Muddy, dusty and busy, Rankin Inlet grew up around nickel mining in the late '50s and is the Kivalliq region's largest community. New gold mines and mineral exploration means it's still an important center. It's also an arty place and a base for accessing Kivalliq, and there's good char and grayling fishing close to town.
Among Nunavut's outlying communities, Pangnirtung, or 'Pang,' is an excellent destination, with a thriving artistic scene and outdoor opportunities galore. Located 40km south of the Arctic Circle, Pang's natural beauty is stunning, set on a fjord and towered over by steep Mt Duval. It's also the main gateway to even more spectacular scenery at Auyuittuq National Park.
On a small rocky island just off Baffin Island's Foxe Peninsula, this is the epicenter of Inuit art. In the late 1950s residents pioneered modern Arctic carving and printmaking, marketing it to the world with remarkable success. A number of Dorset's artists, such as Pudlo Pudlat, Pitseolak Ashoona and Kenojuak Ashevak, have achieved international recognition.
Wind-wracked Cambridge Bay (www.cambridgebay.ca) on Victoria Island is the regional center and stop for cruise ships navigating the Northwest Passage. The federal Canadian High Arctic Research Station (CHARS) is due to open here in 2017, attracting scientists worldwide to monitor climate change.
Sitting on the perpetually icy Lancaster Sound, against a backdrop of snow-covered mountains, Pond Inlet is the gateway to Sirmilik National Park: bird-watching paradise and glacier-draped arctic marvel.
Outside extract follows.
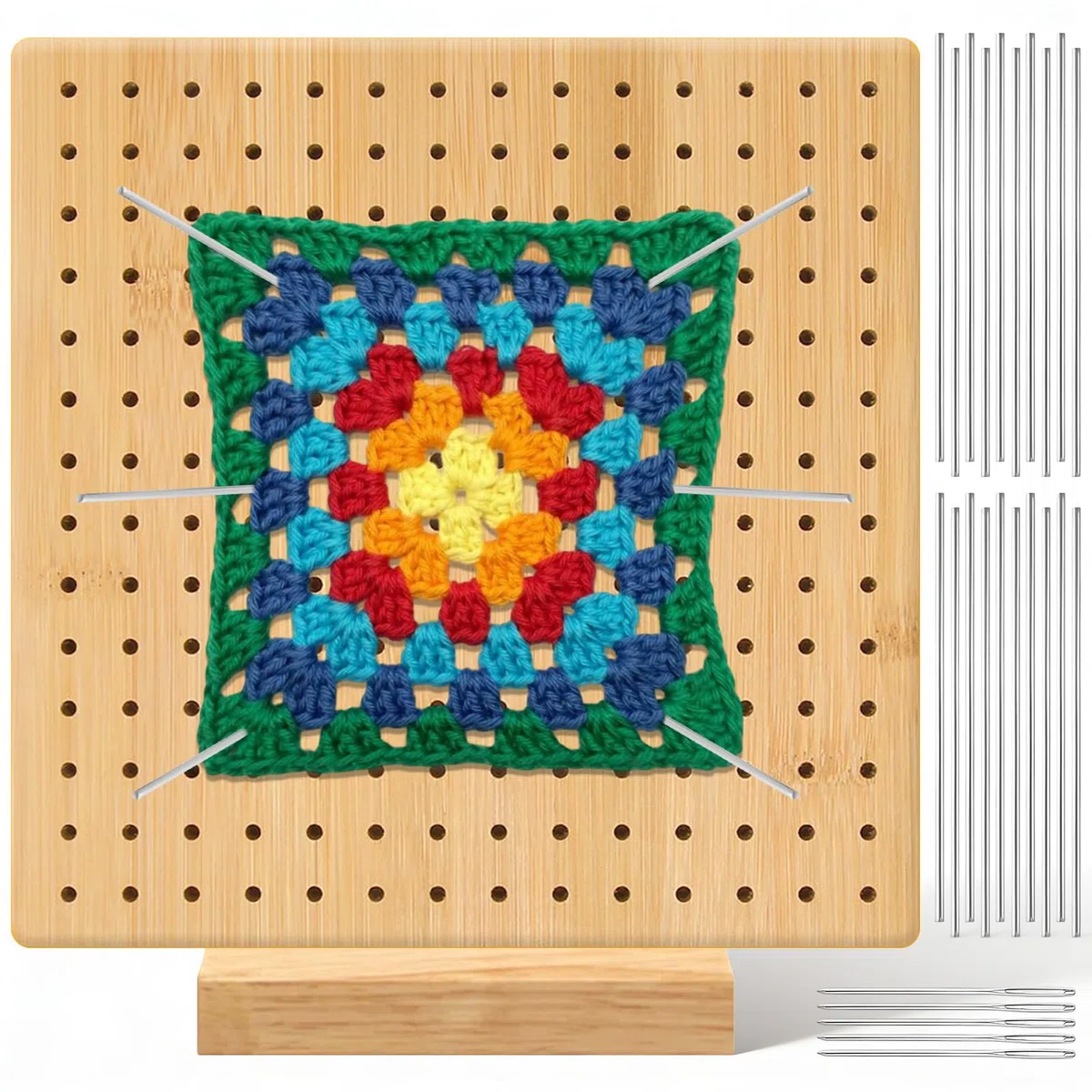 Kit Bloqueador Crochet con 20 Barras Acero Inoxidable, 1 Base Soporte y 5 Agujas Ojos Grandes, Tabla Bloqueo Ganchillo Madera Bambú, Tablero Bloqueo Cuadrado para Proyectos Punto Hechos Mano (20x20cm)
Make arrangements with outfitters beforehand for memorable nature-watching experiences.
A clutch of minuscule homes in a wind-lashed gravel desert on Cornwallis Island (known as Quasuittuq, 'Place with no Dawn') is Canada's worst-climate community. It was founded in 1953, when several Inuit families were lured here from Pond Inlet, as well as Inukjuak, Québec, with false promises of a better life, in order to shore up national sovereignty.